The short answer is also more honest. Whatever your real reason is, it is yours. You do not owe a justification to a person you are about to spend forty seconds with at a buffet line.

The longer answer for the people who actually want one

There is a small set of people who will ask the question because they are also asking it, of themselves, and your answer is part of how they think about their own. Spouses of friends. Coworkers who have been quietly cutting back. People in their early thirties who have noticed the pattern and want to talk to someone who is further down the path.

For those people, a longer answer makes sense. The longer answer is something like: "I stopped because I noticed I was sleeping badly and felt worse than I wanted to feel, and the math just stopped working. I have not really missed it."

That is the whole answer. It does not require recovery vocabulary.
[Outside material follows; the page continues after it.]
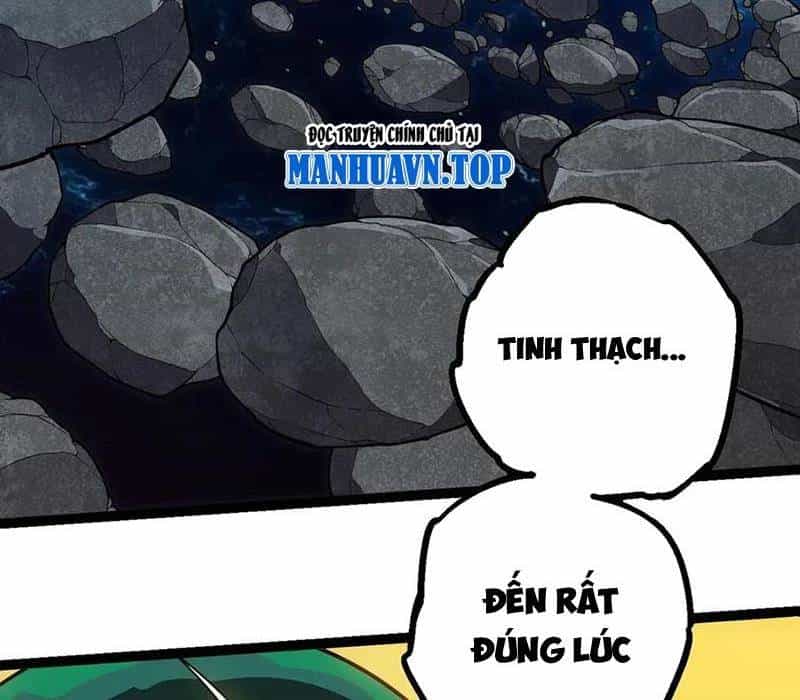 Chuyển Sinh Thành Liễu Đột Biến - Chương 270 - ảnh 69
It does not require an origin story. It does not require you to claim to be cured of anything. It is just a description of what happened, in your own words, in a tone that is not seeking validation.

You will know who is in this category by how they listen. The people making conversation will already be looking past you for the next thing. The people who are asking because they are also asking will be still.

The version that is just "I just don't"

Eventually, you arrive at a version of the answer that is barely an answer.

"I just don't."

This is the late-stage answer. It tends to show up around month six or year one. By then the question has been asked enough times that the answer has compressed. By then the question has also become less interesting to you, in a way that comes across in your voice and that closes the conversation cleanly without you having to do anything else.

This is the answer that most longtime non-drinkers settle into. It is not defensive. It is not informative. It is just the truth. They just don't.

What changes about the question over time

The first three months, the question is going to come up at almost every event you attend, and you will find yourself with a small inventory of responses ranked by how much energy you have for the conversation. This is normal and it gets quieter.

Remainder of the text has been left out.